Bir kişi işini yapmayı sevdiğinde büyük şeyler ortaya çıkabilir. Oyunlaştırma da işi çalışanlar için daha keyifli ve daha az stresli hale getirerek çalışanların potansiyellerini daha iyi kullanmasını sağlar. Anlık ödüller ve takdirler, sık anketler doğru zamanda yerinde tatmin sağlayarak çalışanlar arasında daha fazlasını yapma gayretini tetikler.
Oyunlaştırma, işi tamamen bir oyuna dönüştürmekten daha çok, çalışmayı ilginç kılmak ve çalışanları daha üretken hale getirmek için oyun mekaniklerini işle karıştırmakla ilgilidir.
Şimdi de oyunlaştırmanın iş hayatındaki önemine gelelim!
Verimlilik her kuruluşun hedeflediği bir özelliktir. İşverenler de iş yerlerinde verimliliği ve üretkenliği sağlamak için çeşitli önlemler alırlar. Ancak, üretkenlik hedefine ulaşmak için öncelikle çalışan bağlılığı ve memnuniyeti sağlanmalıdır. İşte oyun bağlamlarını iş ortamına entegre etmek de bunu yapmanın bir yoludur.
Bunu destekleyecek birkaç noktaya değinirsek:
ü Günlük etkinliklere anlamlı ödüllerin yanında bir miktar oyun bağlamı eklemek, görevlerin daha kazançlı görünmesine yardımcı olur. Bu durum çalışanların dikkatini çeker ve onları ellerinden gelenin en iyisini yapmaya teşvik eder.
ü İş yeri eğitimlerini oyunlaştırılmış bir şekilde uygulamak, çalışanların hızlı ve kolay öğrenmesine sağlar. Özellikle yeni işe alınanların organizasyondaki işlevlerini anlamalarını sağlamak söz konusu olduğunda bu çok yararlı olacaktır. En güzel tarafı da öğrenmek daha eğlenceli hale gelir.
ü Bugünün iş gücünün büyük bir bölümü Y kuşağı çalışanlarından oluşmaktadır ve öne çıkan bir özellikleri de yapılan işin karşılığını hızlı bir şekilde almak istemeleridir. Görevlerin tamamlanması üzerine anında ödüllendirmeye ve tebriğe olanak tanıyan bir oyunlaştırma platformunun benimsenmesi, Y kuşağı çalışanlarının iş yerindeki bağlılık düzeyini ve üretkenliğini artırma konusunda büyük katkılar sağlar.

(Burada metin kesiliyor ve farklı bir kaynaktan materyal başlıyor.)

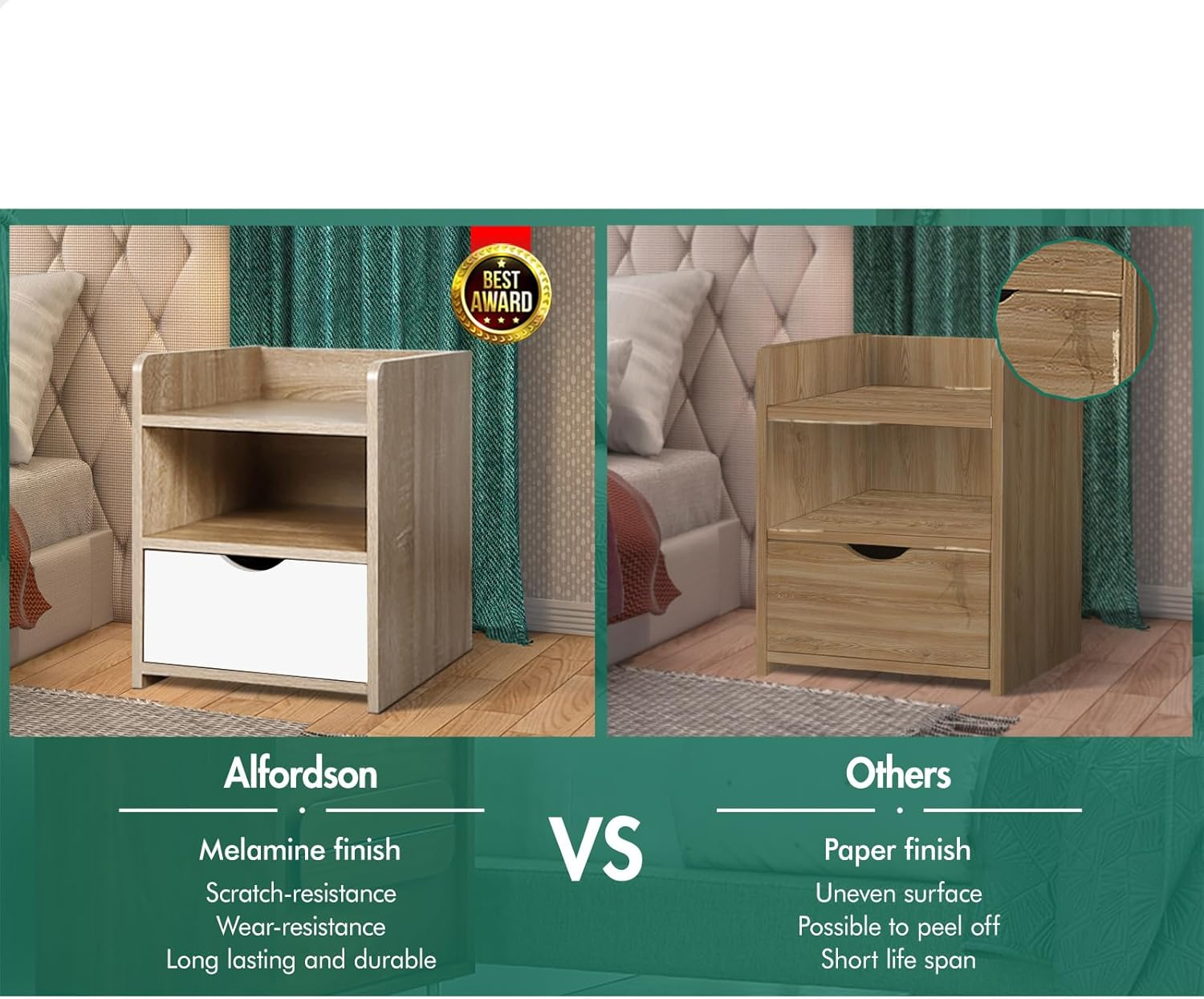 ALFORDSON Hamptons Bedside Table, 37.5Wx 34Dx 45Hcm, Bedroom Nightstand Cabinet, Wooden Sofa Side Chest End Table with Ample Drawer, Open Shelf, Hallway, Living Room Storage Furniture, Wood White - 1 Drawer-Shelves-Black-Air Gap Handle image number 4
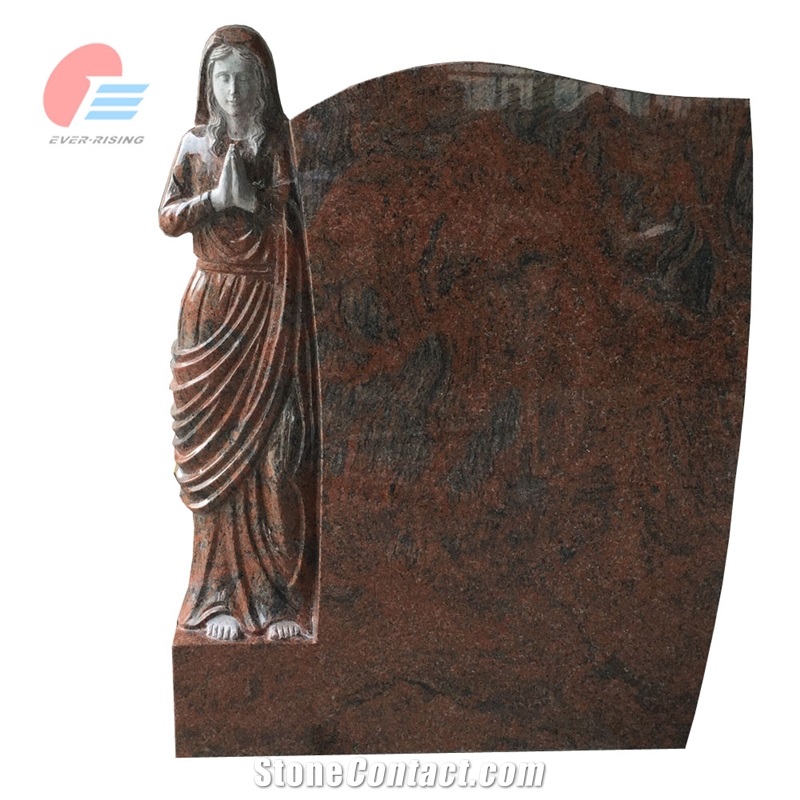 Multicolor Red Granite Tombstone With Polished Madonna Carving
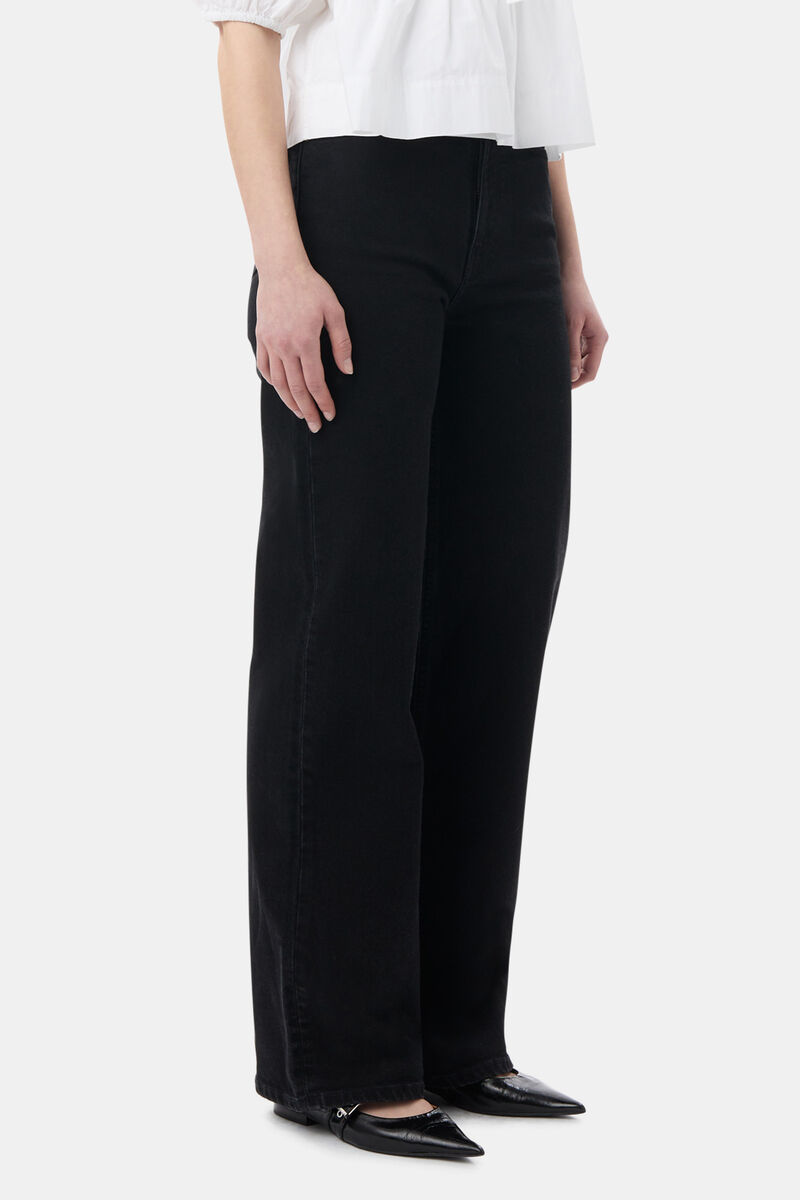 Vasket, svart Andi-jeans, Cotton, in colour Washed Black/Black - 2 - GANNI
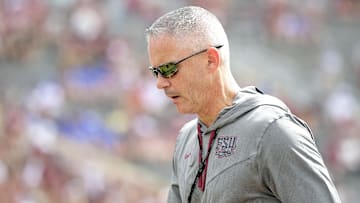 Sep 14, 2024; Tallahassee, Florida, USA; Florida State Seminoles head coach Mike Norvell before a game against the Memphis Tigers at Doak S. Campbell Stadium. Mandatory Credit: Melina Myers-Imagn Images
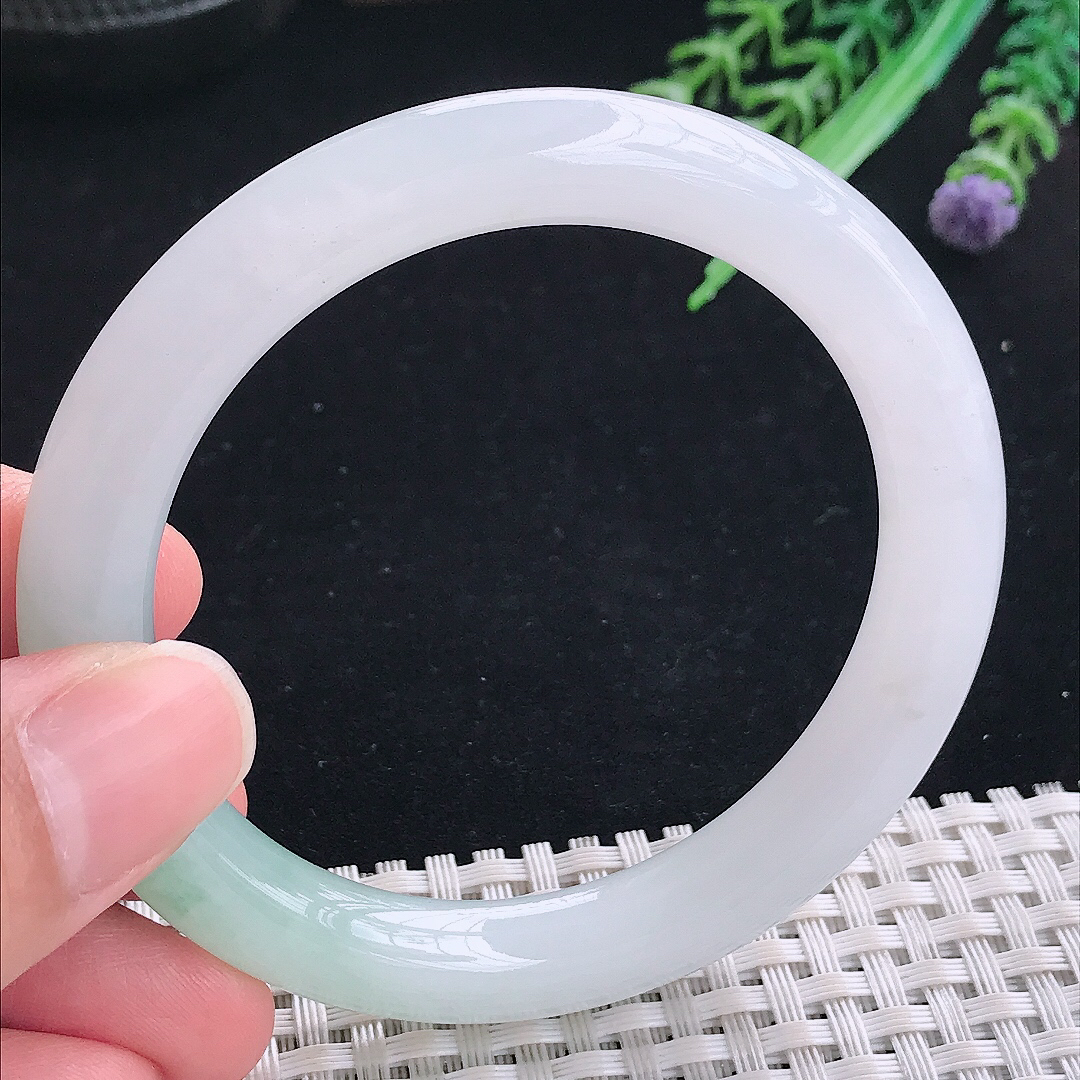 实拍A货翡翠55/9.1/9.2老坑冰润起胶冰飘花圆条手镯平安镯翡翠玉镯美人镯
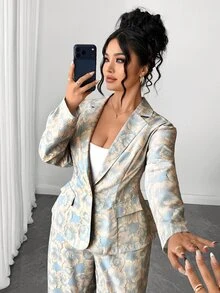 Elenzga Autumn Plus Size New European & American Style Faux Print Pattern Blazer Slim Fit Long Sleeve Jacket & Flared Long Pants 2 Pieces Set Green Print Pattern Suitable For Commuting, Daily, Office And Multiple Occasions - Green - View 6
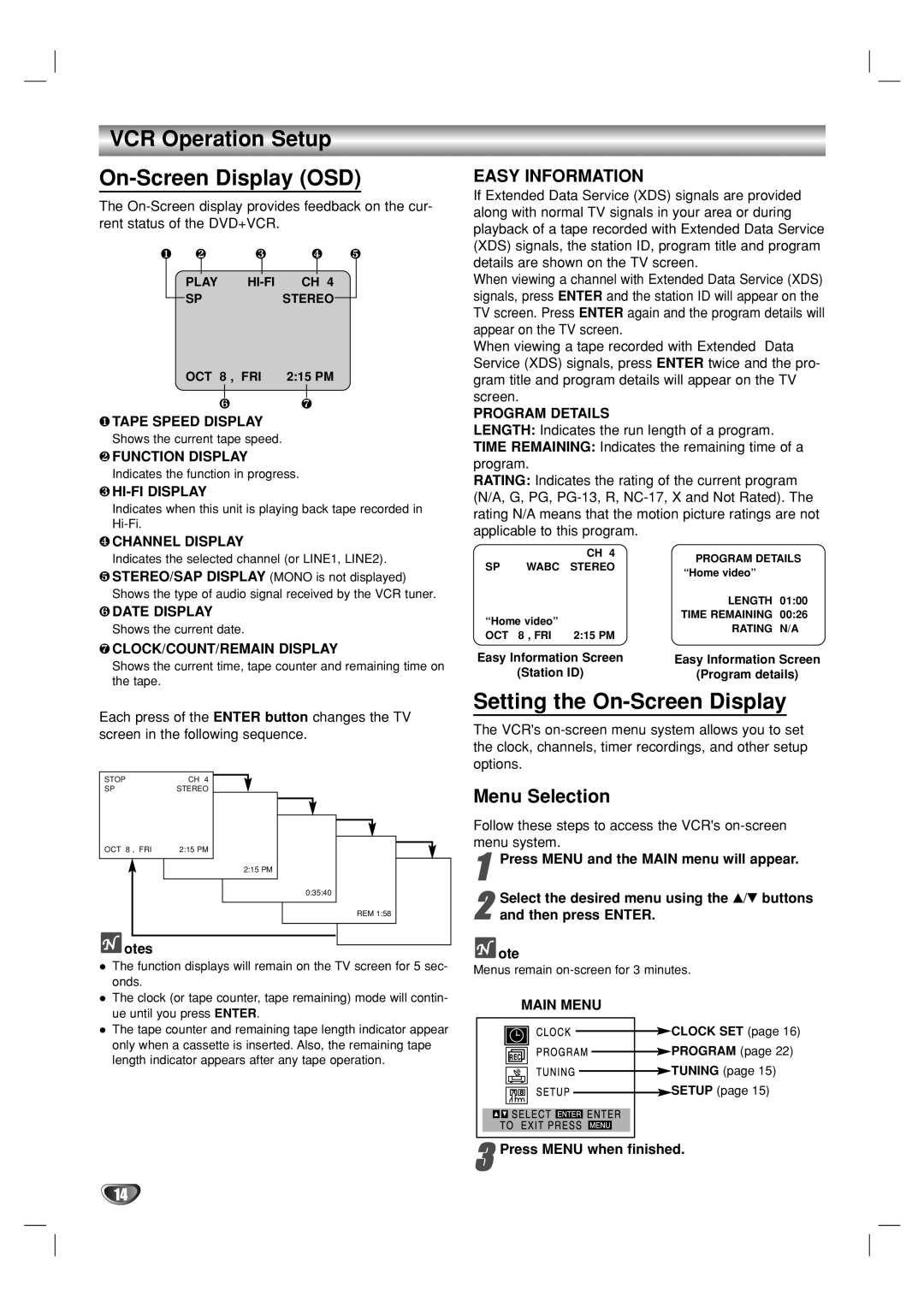 GoVideo DV1140 user manual VCR Operation Setup On-Screen Display OSD, Setting the On-Screen Display, Menu Selection 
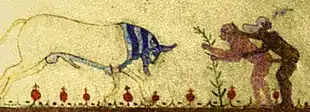 VI. Fresque étrusque montrant Achéloos sous la forme d'un taureau chargeant Héraclès, v. 550 av. J.-C.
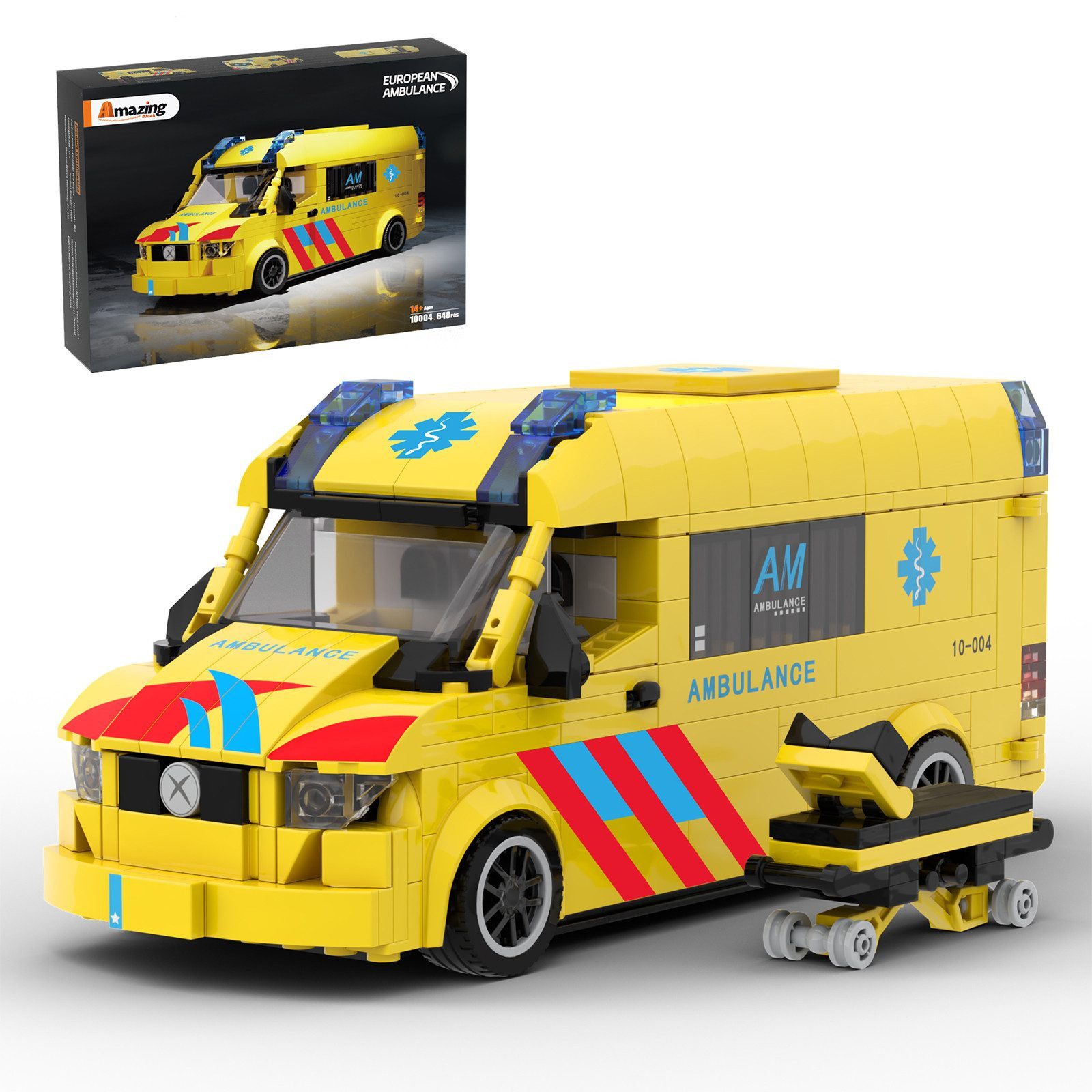 Bundviel Stadt-Rettungswagen Teile Europäische Rettungsfahrzeug-Bausteine Spielbausteine, (648 St)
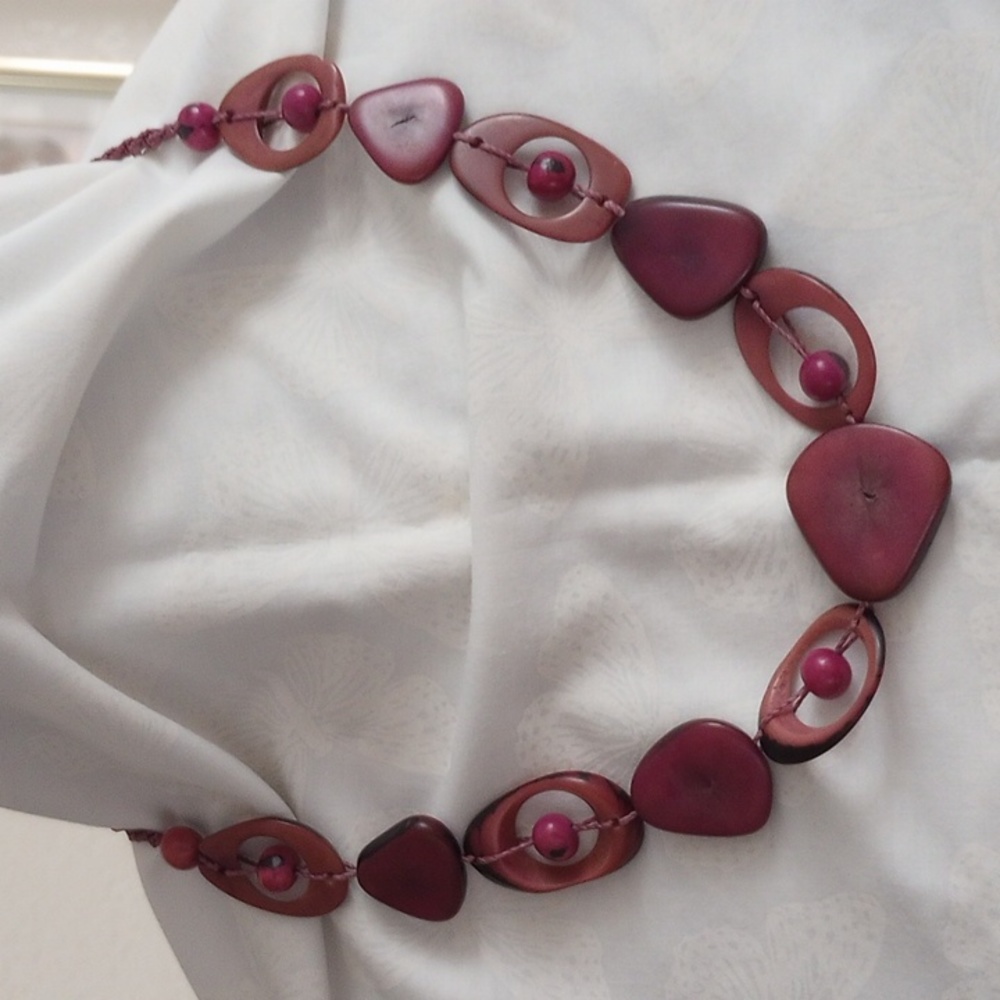NWOT Tagua Purple Necklace.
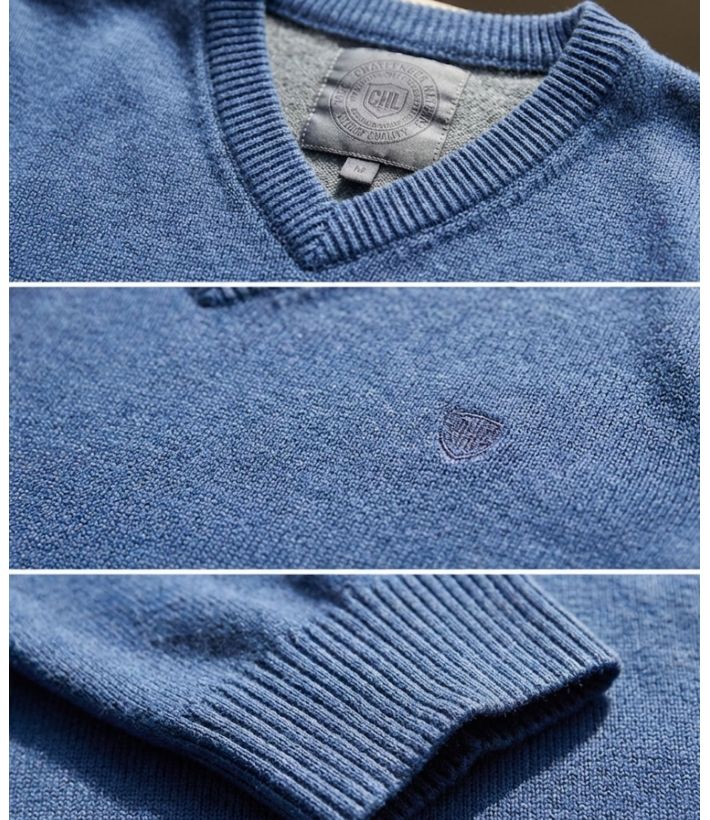 Pull col V avec laine PUL2004B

ü Oyunlaştırma, çalışanların yürüttüğü görevlere anlam kazandırdığı için iş ortamında pozitif bir dönüşüm yaşanır.
Sonuç olarak, oyunlaştırmayı tanımlamak ve iş yerinde uygulamaya koymak o kadar kolay değildir ama doğru kullanıldığı zaman da harika sonuçlar ortaya çıkabilir. Oyunlaştırmayı iş hayatına dahil etmeyi dört gözle bekleyen işverenlerin, bununla ulaşmak istedikleri hedeflerine çok dikkat etmesi ve planlı ilerlemesi en iyi yol olacaktır. Oyunlaştırma yalnızca çalışanların ilgisini çekmekle kalmaz, iş yerinin üretkenliğini ve pozitifliğini arttırarak o kuruluştan çıkan hizmeti veya ürünü de olumlu etkiler.